Thursday, 1 November 2007

Suncorp Management Underestimate Shareholders

From the Sydney Morning Herald:

Suncorp admits it got it wrong

THE newly-expanded insurance and banking combine, Suncorp-Metway, yesterday survived an investor rebellion over its plans to hand performance-free shares worth up to $5.3 million to chief executive John Mulcahy but not before admitting it had handled the issue badly....

In all, the new contract could deliver Mr Mulcahy an extra $7.6 million over and above his old deal through to 2010....

As a non-binding vote, the board could not be forced to go back on its deal with Mr Mulcahy. But Mr Story accepted the blame for misreading the mood of investors and said their concerns would be reflected in any future reshaping of Suncorp's executive payments.

"We accept that these matters were not handled well by us in that the same objectives could have been achieved by the utilisation of a different structure without impact on the principle," he told shareholders....

The remuneration report also outlined "sweetheart" arrangements for another 37 senior executives worth a total of $9 million between them if they stay in place until next October.
I must admit to being pleasantly surprised by these events. Institutional shareholder's usually act as a rubber stamp on management remuneration packages. It's nice to see shareholders actually raising objections to being fleeced by the people who are supposed to run the company for their (the shareholders) benefit.

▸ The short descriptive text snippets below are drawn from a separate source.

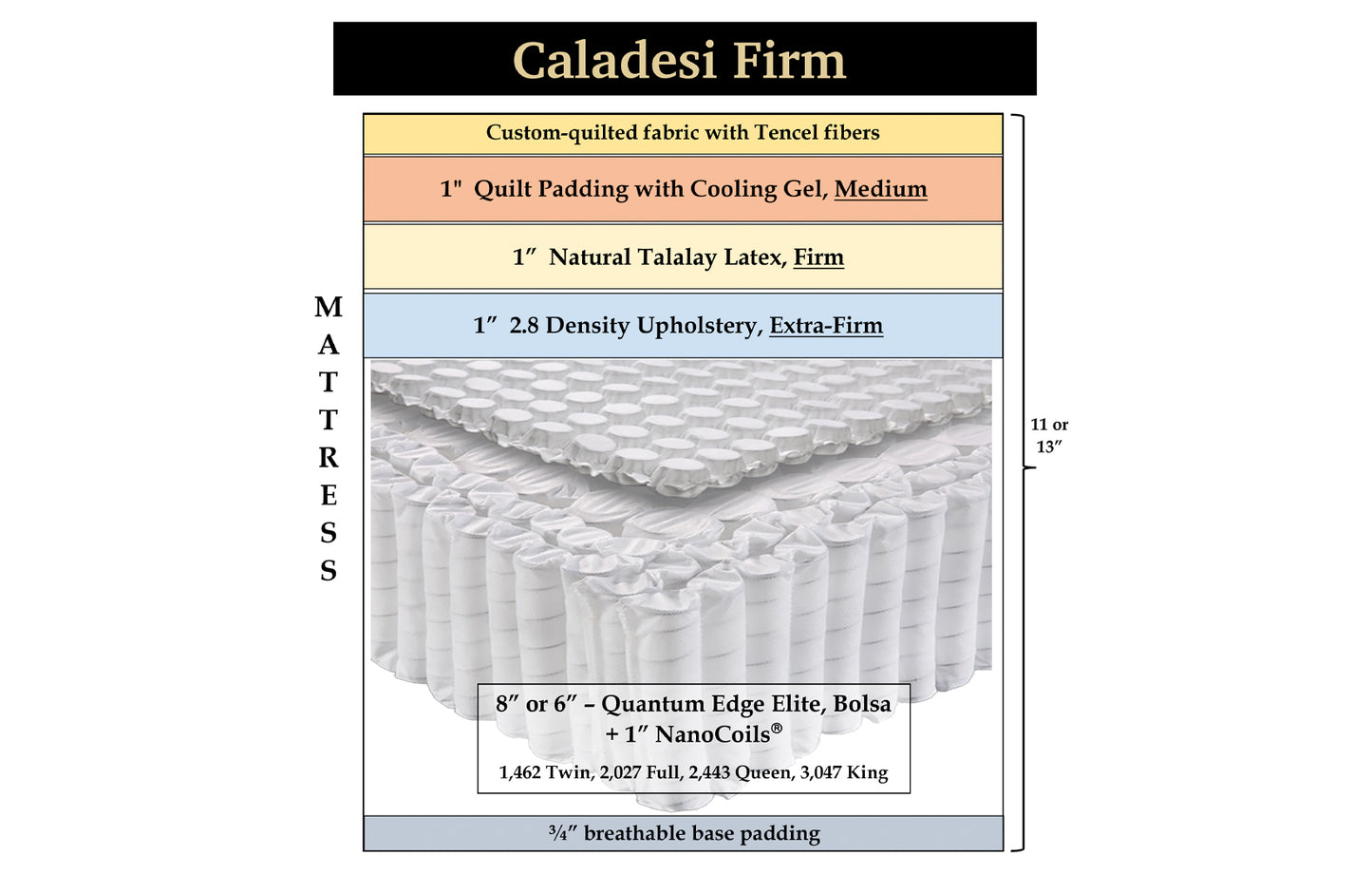 Caladesi Firm Latex, custom mattress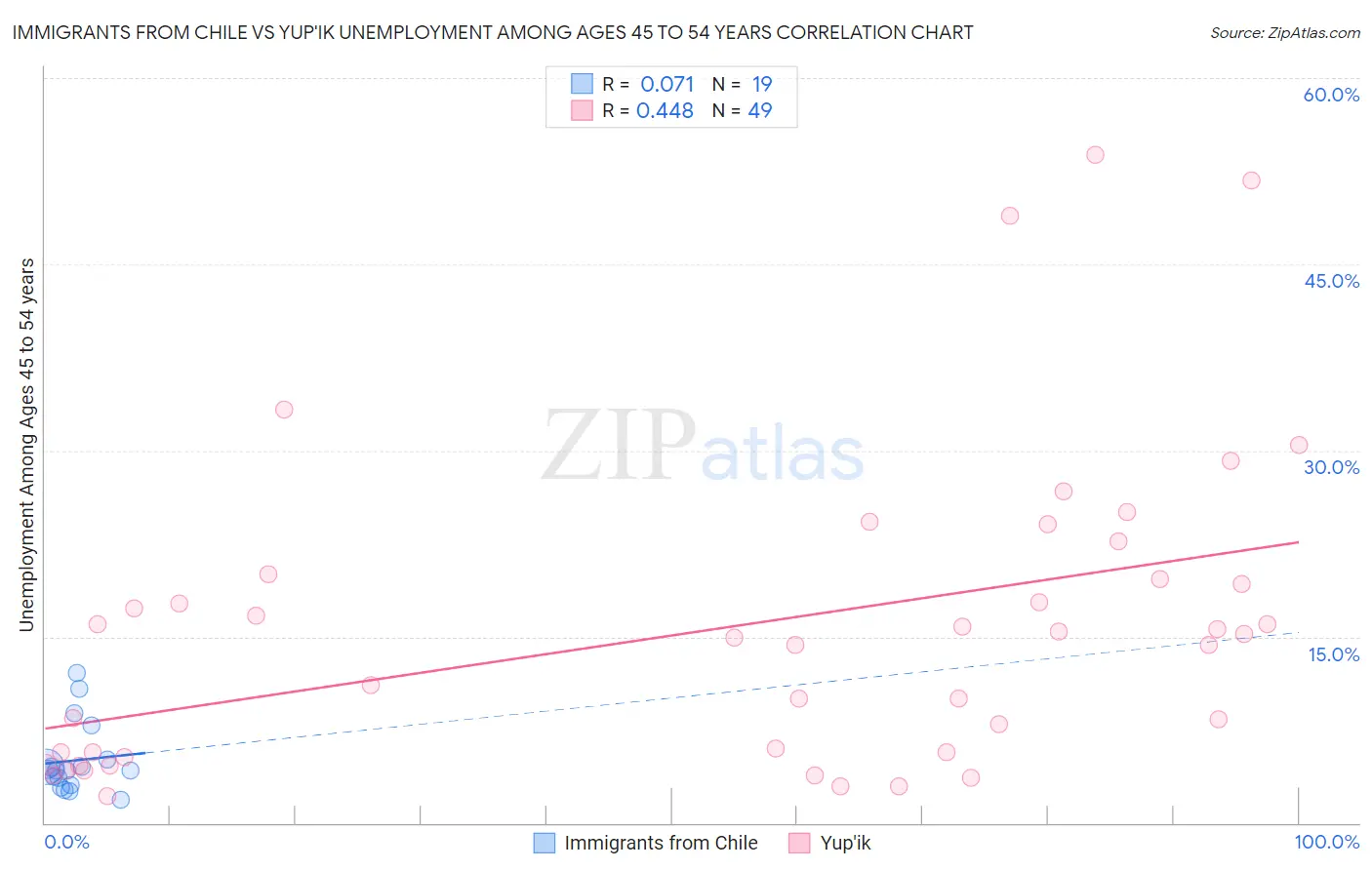 Immigrants from Chile vs Yup'ik Unemployment Among Ages 45 to 54 years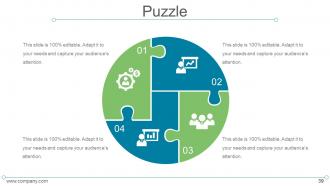 7s model mckinsey internal analysis powerpoint presentation slides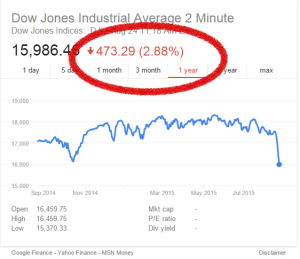 Dow Jones Stock Market over last year + drop on August 24, 2015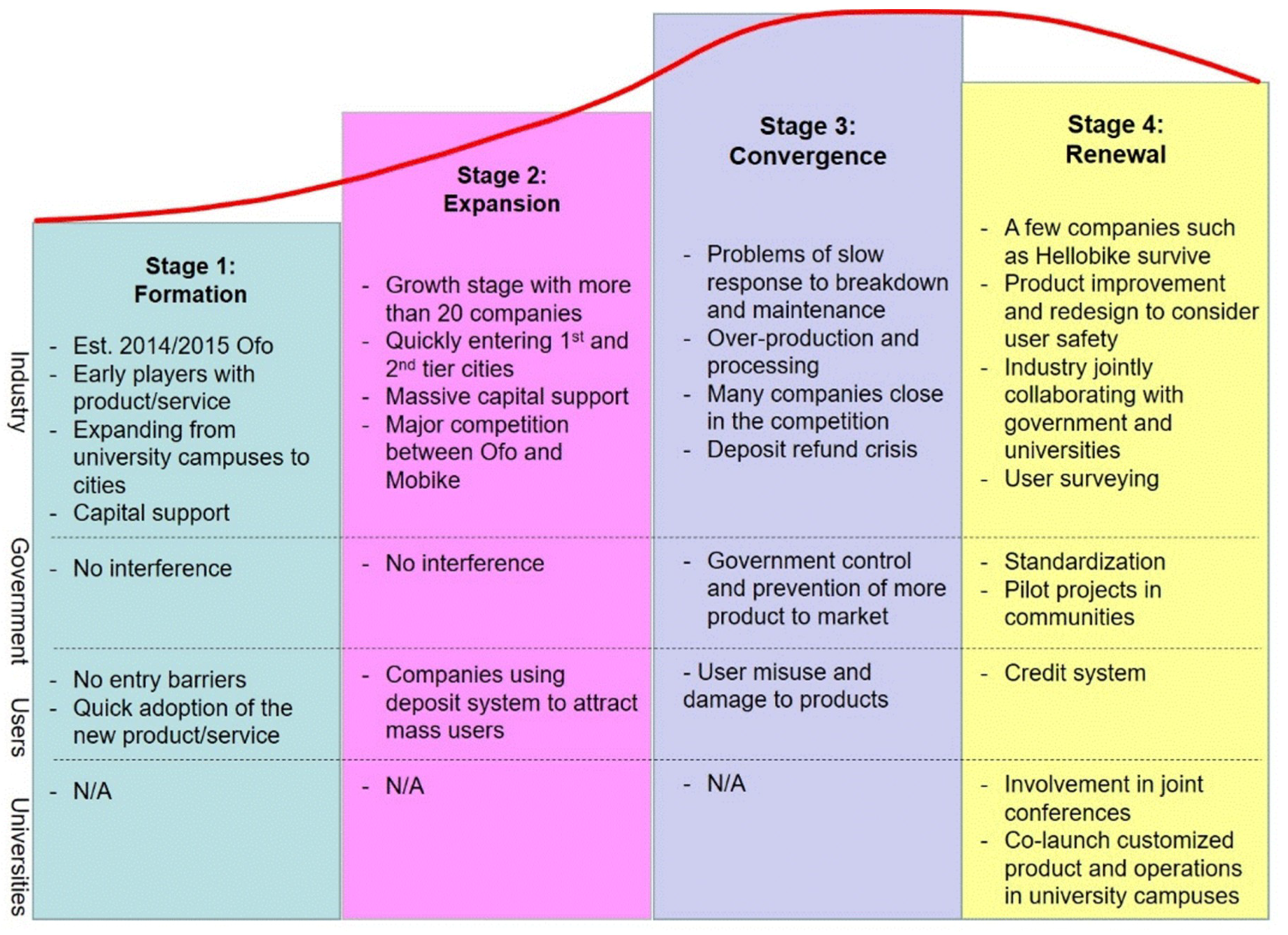 Joitmc 05 00042 g002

The last thing Australia needs is a corporate culture like Wall Street where a CEO who loses $8.4 billion in a single quarter can walk away with $160 million in severance pay. Hopefully the Suncorp (SUN) saga will send a message to other companies that shareholders won't put up with the brazen theft of their wealth. Unfortunately incidents like the one at Suncorp are still the exception rather than the rule.